Holly McCall has two full-time jobs. One is named Alexander. The other is Jonathan.
She is a stay-at-home mom who used to work in the financial services industry. Even though she knew a bit about the business, she was surprised when her application for a credit card in her own name was denied.
"I was a little stunned at first," says McCall. "I've got a really good credit history."
That word "denied" was in bold print Tuesday when McCall and others showed up at the Consumer Financial Protection Bureau - right near the White House with a stack of petitions. 50,000 signatures from people who want the government to let banks count household income for adults applying for credit cards.
Amanda Kloer with change.org came dressed as a ‘50s housewife. Ashley Boyd came from a group called MomsRising.org.

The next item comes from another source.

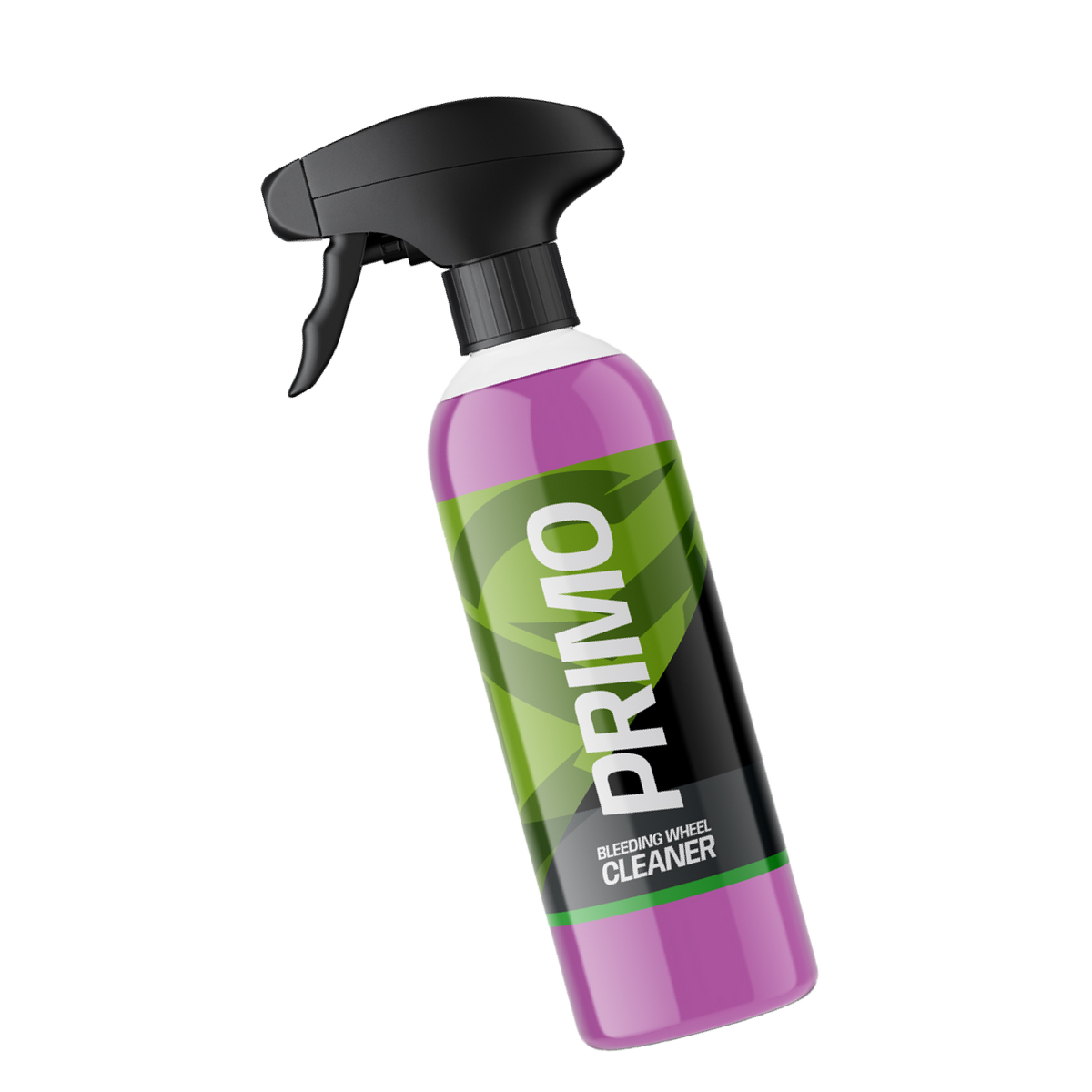 Primo - Limpiador para ruedas con sangrado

"It has long-term impact because this means that a person is not building and maintaining credit in their own name," says Boyd. "If something were to happen to their spouse - divorce, death or domestic violence - that would significantly impact a person's ability to be out on their own."
This law was not set up to target stay-at-home parents. It just sort of worked out that way. You see, it was originally designed to protect students from getting into too much debt.
"Two of our most notable stay-at-home moms, Michelle Obama and Ann Romney, although their family, their household incomes are high - under this interpretation of the rule, they would not qualify for a credit card," says Boyd.
McCall says they will keep pushing for a change in the regulations. That is when she is not busy at her other job – full-time mom.